* Exercise
Return exactly the line that contains "Crossrail will use" and all lines beneath it in the entries, through the very last one.
++++ Exercise inputs ++++
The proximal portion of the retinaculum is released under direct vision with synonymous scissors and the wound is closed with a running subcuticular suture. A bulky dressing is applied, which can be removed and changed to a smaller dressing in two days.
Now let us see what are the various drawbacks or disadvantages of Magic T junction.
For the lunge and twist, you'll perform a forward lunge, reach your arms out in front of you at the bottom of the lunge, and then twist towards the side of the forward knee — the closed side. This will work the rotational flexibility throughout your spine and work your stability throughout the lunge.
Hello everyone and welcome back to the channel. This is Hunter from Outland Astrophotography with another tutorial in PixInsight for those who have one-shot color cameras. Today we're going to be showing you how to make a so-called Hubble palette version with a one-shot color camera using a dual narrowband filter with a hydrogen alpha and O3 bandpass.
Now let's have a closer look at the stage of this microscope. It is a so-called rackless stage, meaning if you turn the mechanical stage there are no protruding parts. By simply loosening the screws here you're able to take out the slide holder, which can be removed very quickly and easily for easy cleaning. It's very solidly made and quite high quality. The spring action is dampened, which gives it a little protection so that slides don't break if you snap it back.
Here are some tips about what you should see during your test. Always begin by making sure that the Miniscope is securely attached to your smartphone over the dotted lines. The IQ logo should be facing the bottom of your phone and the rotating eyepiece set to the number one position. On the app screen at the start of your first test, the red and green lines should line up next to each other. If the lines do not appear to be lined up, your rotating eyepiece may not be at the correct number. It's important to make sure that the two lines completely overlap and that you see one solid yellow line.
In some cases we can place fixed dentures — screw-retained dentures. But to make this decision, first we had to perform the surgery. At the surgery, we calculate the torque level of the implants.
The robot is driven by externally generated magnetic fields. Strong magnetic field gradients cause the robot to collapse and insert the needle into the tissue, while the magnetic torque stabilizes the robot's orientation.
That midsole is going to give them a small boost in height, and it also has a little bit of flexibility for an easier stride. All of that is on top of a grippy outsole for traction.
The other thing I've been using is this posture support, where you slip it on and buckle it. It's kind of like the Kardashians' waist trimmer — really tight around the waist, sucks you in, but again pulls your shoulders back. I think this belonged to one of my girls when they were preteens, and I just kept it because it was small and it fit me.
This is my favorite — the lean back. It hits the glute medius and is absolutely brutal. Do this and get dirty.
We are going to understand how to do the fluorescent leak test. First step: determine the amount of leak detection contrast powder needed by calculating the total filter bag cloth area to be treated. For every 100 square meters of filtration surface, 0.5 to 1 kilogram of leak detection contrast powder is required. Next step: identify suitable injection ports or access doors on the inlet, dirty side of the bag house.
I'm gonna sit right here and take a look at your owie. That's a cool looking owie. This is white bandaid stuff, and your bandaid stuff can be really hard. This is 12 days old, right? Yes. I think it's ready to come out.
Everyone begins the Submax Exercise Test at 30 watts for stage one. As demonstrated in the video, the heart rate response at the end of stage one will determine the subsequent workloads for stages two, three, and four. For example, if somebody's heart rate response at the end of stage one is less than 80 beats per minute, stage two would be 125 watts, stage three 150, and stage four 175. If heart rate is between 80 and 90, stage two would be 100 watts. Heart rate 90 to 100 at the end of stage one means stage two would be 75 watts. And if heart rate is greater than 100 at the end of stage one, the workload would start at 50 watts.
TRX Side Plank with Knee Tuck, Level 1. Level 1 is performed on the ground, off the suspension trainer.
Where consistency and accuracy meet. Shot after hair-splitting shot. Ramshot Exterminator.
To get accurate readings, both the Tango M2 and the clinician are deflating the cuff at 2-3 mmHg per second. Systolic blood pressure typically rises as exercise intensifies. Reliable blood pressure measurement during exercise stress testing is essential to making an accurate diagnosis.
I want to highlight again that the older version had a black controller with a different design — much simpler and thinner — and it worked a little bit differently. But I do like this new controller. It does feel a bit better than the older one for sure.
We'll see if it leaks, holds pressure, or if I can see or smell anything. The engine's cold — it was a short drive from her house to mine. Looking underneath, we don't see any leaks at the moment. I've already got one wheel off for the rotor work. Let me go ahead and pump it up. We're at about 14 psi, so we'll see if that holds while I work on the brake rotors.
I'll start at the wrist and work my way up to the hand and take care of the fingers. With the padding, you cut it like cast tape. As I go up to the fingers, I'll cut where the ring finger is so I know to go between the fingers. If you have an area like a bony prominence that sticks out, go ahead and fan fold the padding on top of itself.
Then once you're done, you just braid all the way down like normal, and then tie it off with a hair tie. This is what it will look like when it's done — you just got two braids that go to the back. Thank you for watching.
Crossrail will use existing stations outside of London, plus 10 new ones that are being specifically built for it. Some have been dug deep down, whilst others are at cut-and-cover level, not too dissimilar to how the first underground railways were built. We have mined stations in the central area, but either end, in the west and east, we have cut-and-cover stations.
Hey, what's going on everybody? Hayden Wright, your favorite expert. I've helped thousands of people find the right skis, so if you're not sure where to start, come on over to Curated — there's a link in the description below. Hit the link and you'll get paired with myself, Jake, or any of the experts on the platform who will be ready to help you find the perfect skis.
++++
* Expected answer
Crossrail will use existing stations outside of London, plus 10 new ones that are being specifically built for it. Some have been dug deep down, whilst others are at cut-and-cover level, not too dissimilar to how the first underground railways were built. We have mined stations in the central area, but either end, in the west and east, we have cut-and-cover stations.
Hey, what's going on everybody? Hayden Wright, your favorite expert. I've helped thousands of people find the right skis, so if you're not sure where to start, come on over to Curated — there's a link in the description below. Hit the link and you'll get paired with myself, Jake, or any of the experts on the platform who will be ready to help you find the perfect skis.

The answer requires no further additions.